A divided North Carolina Supreme Court decided State v. Packingham last Friday, upholding the statutory ban on registered sex offenders using social networking websites that allow minors to join. G.S. 14-202.5. The defendant argued that the statute violated his First Amendment rights, but the court ruled that the statute targets conduct, not speech, and that any incidental burden on speech is justifiable. A law professor’s skeptical analysis of the decision is here. Another professor’s suggestion that the case may merit review by the United States Supreme Court is here.
In other news:
Eight year old charged with murder. This local story reports on a sad Alabama case in which “[a]n 8-year-old Birmingham boy [has been] charged with murder in the beating death of a toddler girl left in his care.” It seems that such a case could arise in North Carolina. “Under the common law doctrine of doli incapax, children below the age of seven are conclusively presumed to be incapable of committing a crime [while] . . . children between the ages of seven and fourteen are also presumed incapable of committing a crime but the presumption may be rebutted by proof that the child is capable of discerning between good and evil.” State v. Green, 124 N.C. App. 269 (1996) (noting that the enactment of the juvenile code has eroded the common law doctrine for juveniles between thirteen and fourteen). Transfer to adult criminal court is mandatory in first-degree murder cases, regardless of the juvenile’s age. G.S. 7B-2200.

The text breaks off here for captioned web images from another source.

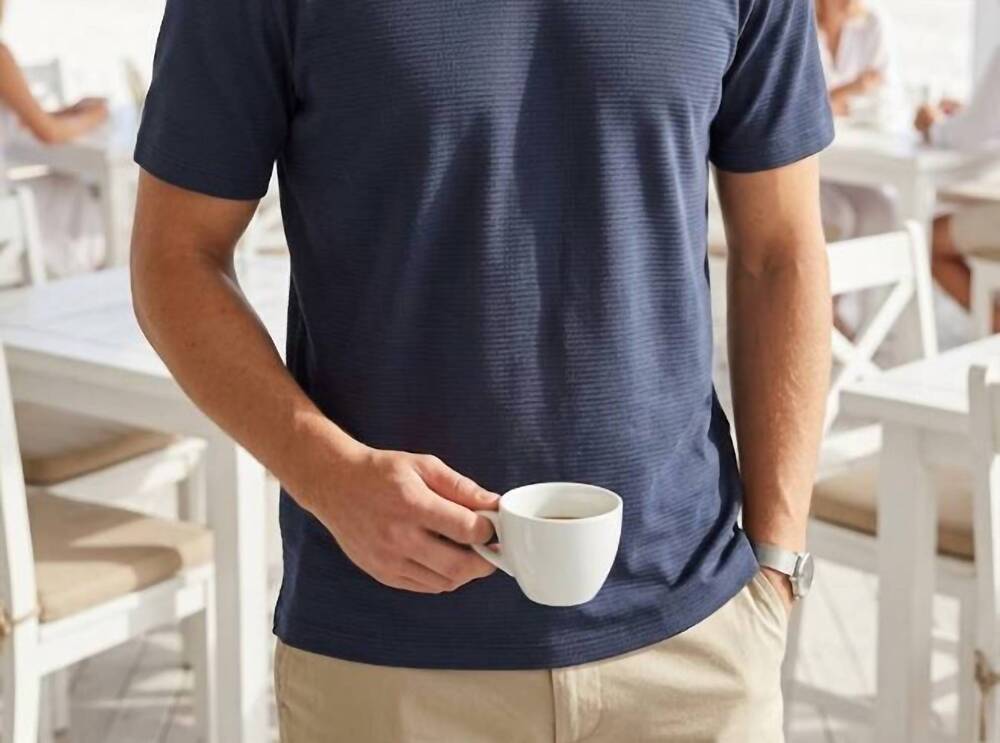 NEW TOMMY BAHAMA coastal crest islandzone v-neck shirt in ocean deep
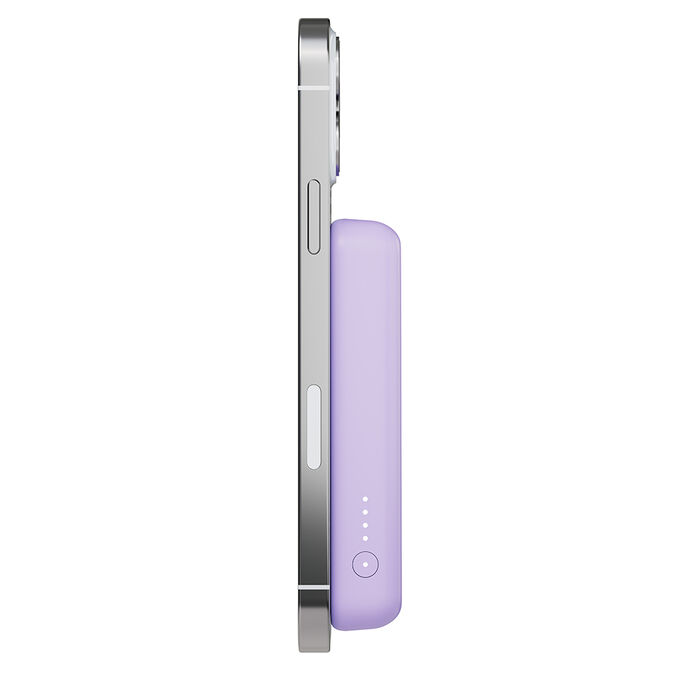 Magnetic Wireless Power Bank 5K + Stand, Lavender Purple, hi-res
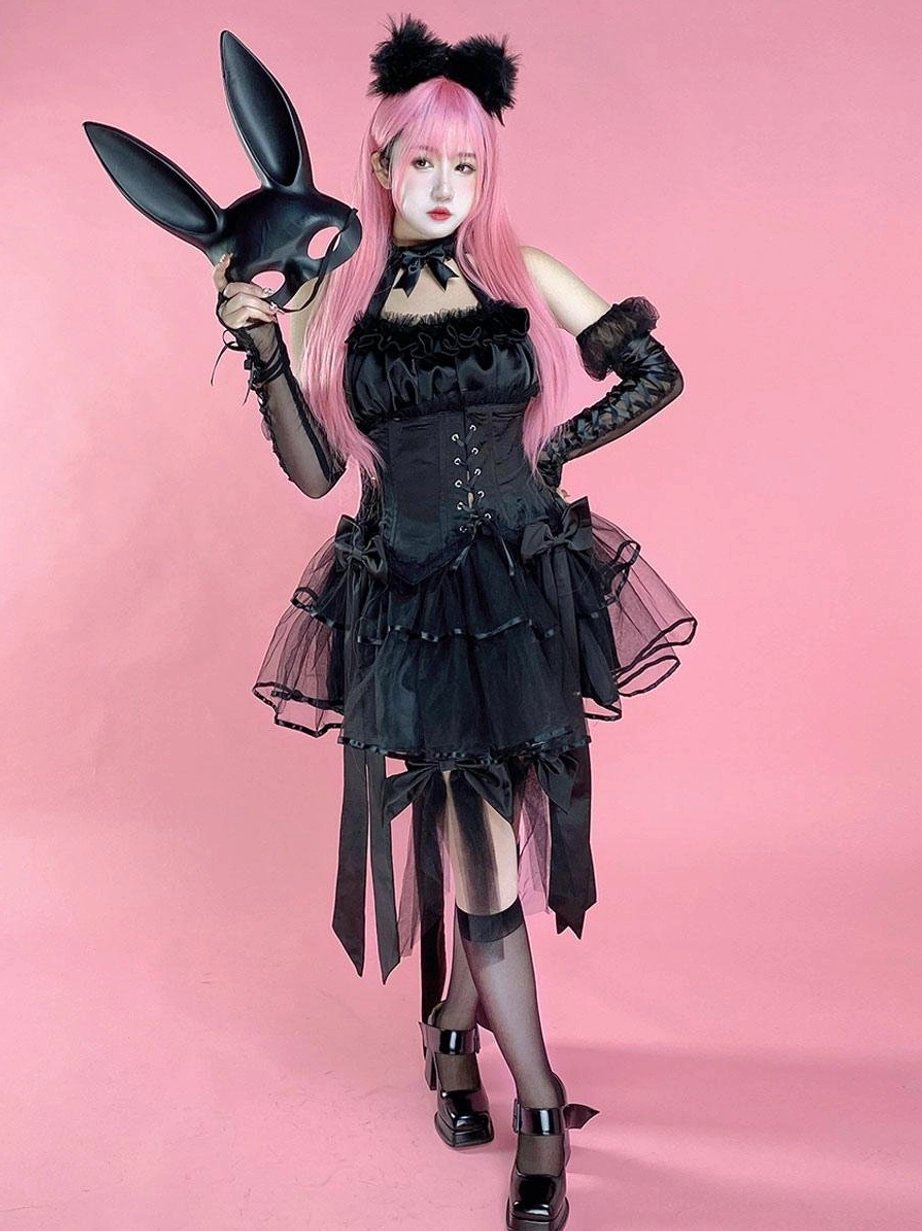 Full length black gothic lolita dress high-low tulle skirt model wearing formal heels
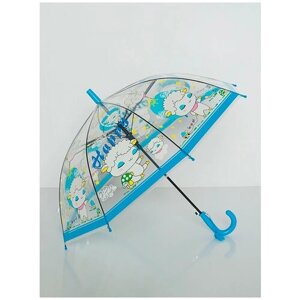 Прозрачный детский зонт-трость Rain-Proof umbrella полуавтомат 2005A/зеленый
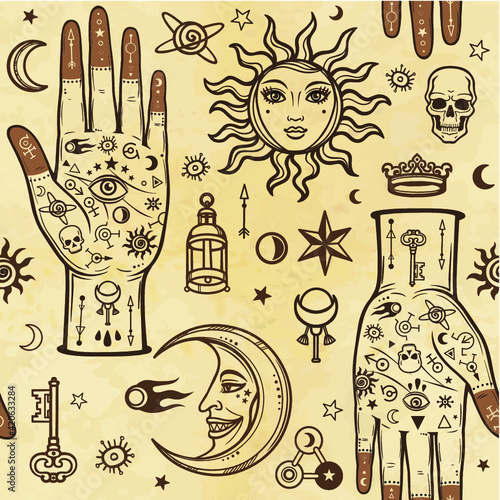 Seamless color pattern: human hands in tattoos, alchemical symbols. Esoteric, mysticism, occultism. A background - imitation of old paper, the book, parchment. Vector illustration.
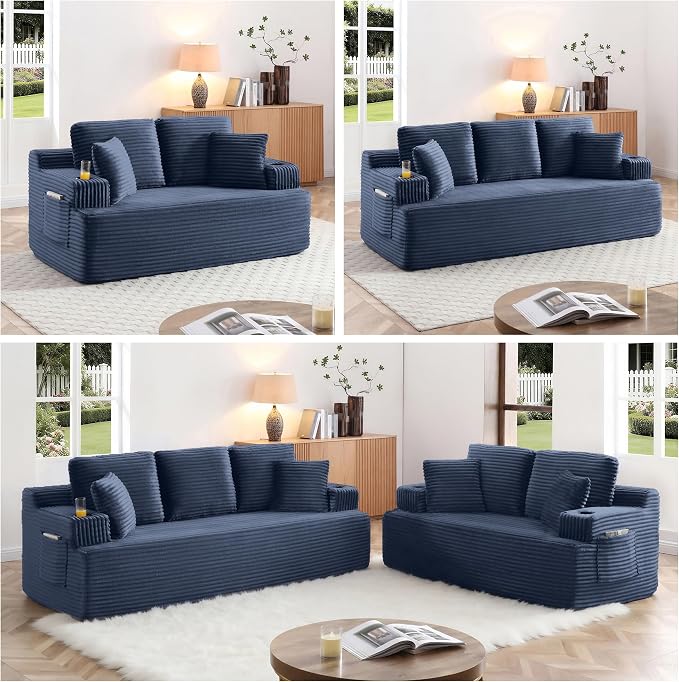 66.5'' Boneless Sofa Couch with Cup Holders & Side Pockets, Modern Corduroy Fabric Upholstered Loveseat Couch with 2 Throw Pillows for Living Room Office, No Assembly (Blue)
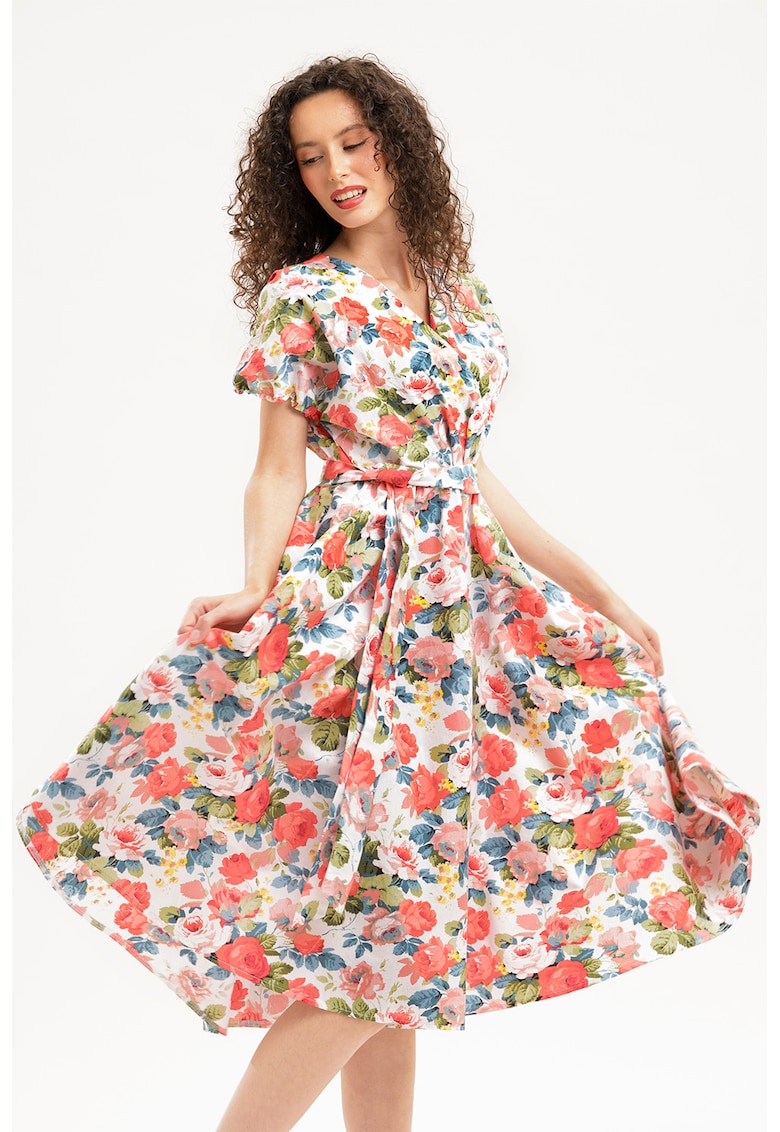 Rochie midi din bumbac cu croiala petrecuta - Roz somon/Verde pal/Alb optic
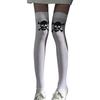 Women Gothic Skeleton Print Over Knee Socks Elastic Nylon Blend Thigh High Stockings For Halloween Event And Fall Outfit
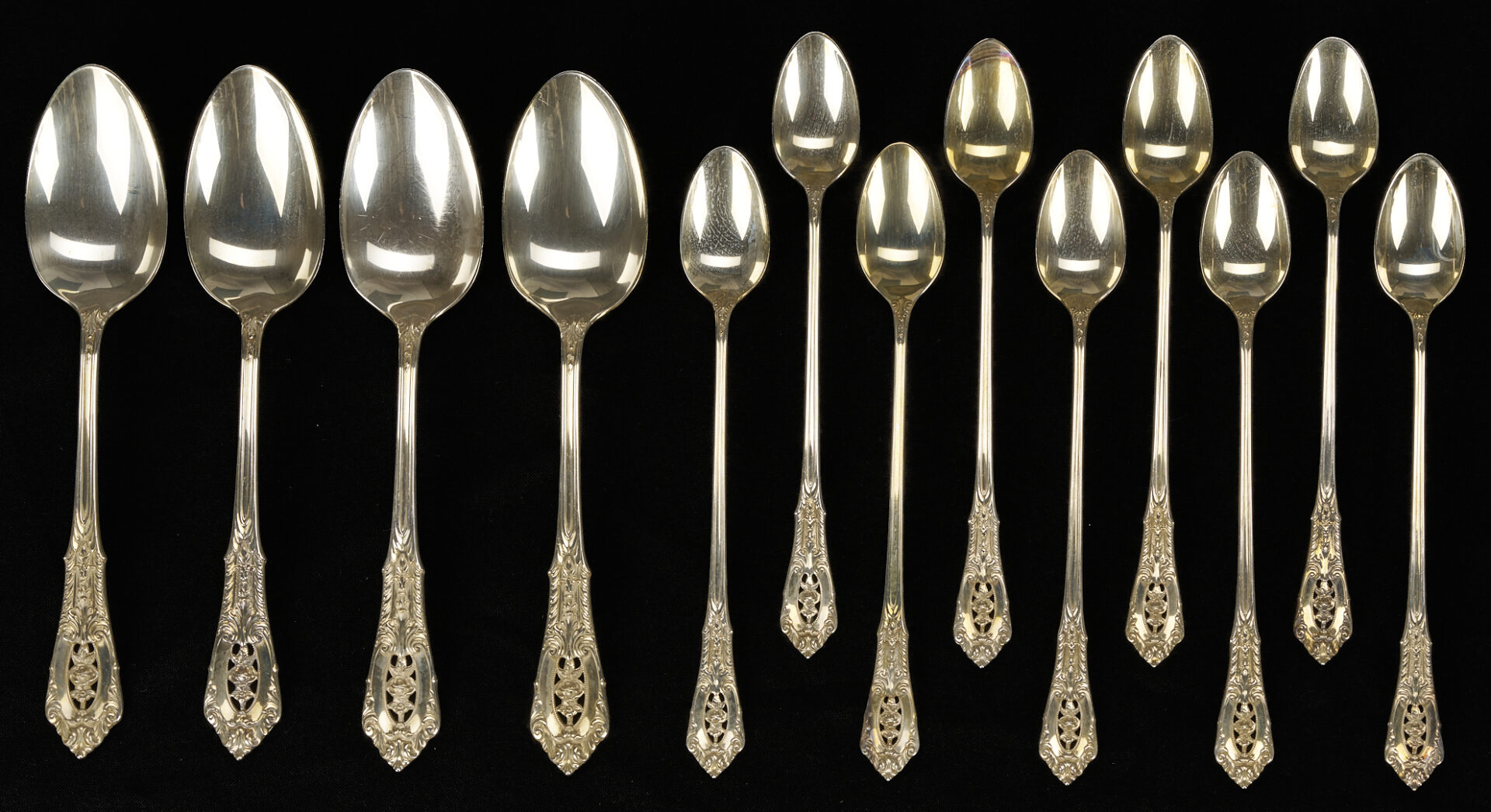 Lot 94: 106 pcs. Wallace Rose Point Sterling Flatware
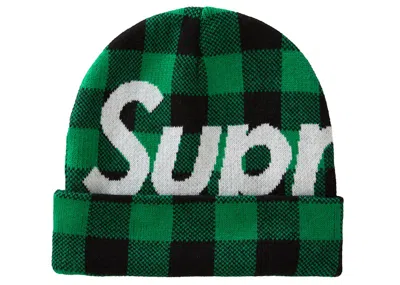 Pre-owned Supreme Big Logo Beanie (fw20) In Green Plaid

New hearing for Serial killer. NPR notes here that Adnan Syed, a Maryland man who was convicted of killing his ex-girlfriend and whose case became the subject of the enormously popular podcast Serial, has been granted a new hearing to consider “a possible alibi and questions about cellphone data.”
Another drop in executions. Sentencing Law and Policy has this post up, noting that there will almost certainly be fewer than 30 executions in the United States this year, the lowest number since 1991. North Carolina’s last execution was in 2006.
New job. Finally, I’ve been appointed the director of the North Carolina Judicial College, here at the School of Government, effective January 1, 2016. The School’s announcement is here. I mention it mainly because I’ve heard a few crazy rumors so I thought I’d put the actual facts out there. I’ll continue to work in the area of criminal law, hopefully getting to interact with all categories of judicial officials. The School will hire a new faculty member to succeed me in supporting prosecutors, though I’ll remain available to prosecutors and anyone else. Most importantly, the blog will continue! I don’t foresee dramatic changes, though I do hope to enlist some additional contributors to distribute the load more widely and to diversify the perspectives represented.